Aktivitäten und Konkretion I: Die Teilnehmenden erhalten begleitende Schulungen, z.B. über Tierhaltung und Gemüseanbau / Verkauf. Begleitet werden die Schulungen über ein soziales Kompetenztraining, welches sie stärkt und aktiviert. Es findet eine persönliche wöchentliche Betreuung der Familien durch einen Coach statt. So besteht die Möglichkeit, dass die Probleme besprochen werden können und gemeinsam nach Lösungen gesucht werden kann. Themen sind beispielsweise die Information über Hygienemaßnahmen, die Bedeutung von sauberen Trinkwasser sowie einer sauberen Toilette für die Gesundheit der Familie. Weiterhin werden kurze Lese- und Schreibübungen gemacht und über die Bedeutung von Spareinlagen gesprochen u.a..

Aktivitäten und Konkretion II: Die Familien erhalten für 24 Wochen ein wöchentliches Fördergeld in Höhe von 3,40 €. Sie brauchen diese Unterstützung als „kleine Atempause“ im täglichen Überlebenskampf. Beispielsweise soll es verhindern, dass sie aus Hunger und Not heraus ihr Vieh verkaufen oder selbst verzehren.
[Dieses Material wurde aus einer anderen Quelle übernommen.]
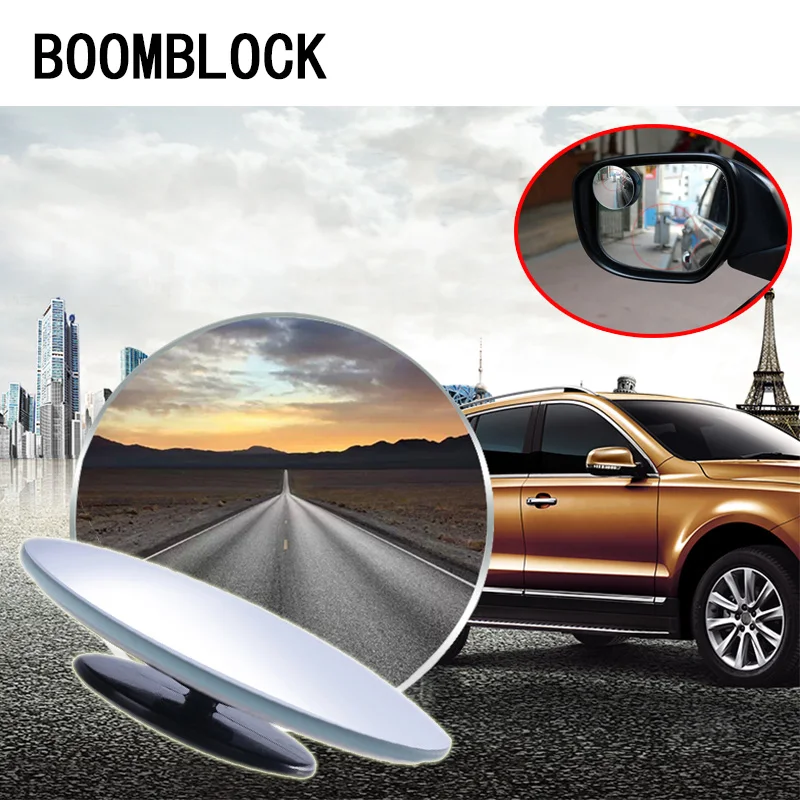Регулируемое зеркало заднего вида BOOMBLOCK 2X для универсальных автомобилей Honda civic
Durch das Coaching werden sie motiviert, Geld zu sparen, z.B. für die Schulausbildung ihrer Kinder.

Aktivitäten und Konkretion III: Kooperation, Zusammenarbeit und Vernetzung mit den dortigen Kommunen. Es werden Kreise gegründet, mit dem Ziel, dass die Projektteilnehmenden in die Gemeindeprozesse reintegriert werden. Durch die Schulungen und Maßnahmen sollen langfristig nicht nur die Zielgruppe profitieren sondern die gesamte Gemeinde.

Aktivitäten und Konkretion IV: Durch die Zusammenarbeit mit „Zanmi Lasante“ Haitis größter NGO im Bereich Gesundheitsdienstleistungen erhalten die Familien kostenlose Untersuchungen und medizinische Versorgung. Jede Familie erhält einen Wasserbehälter und einen Zugang zu sauberen Trinkwasser. Für die Renovierung und den Bau einer wetterfesten Hütte werden Baumaterialien zur Verfügung gestellt. Das Projekt kooperiert dabei mit den örtlichen Handwerkern.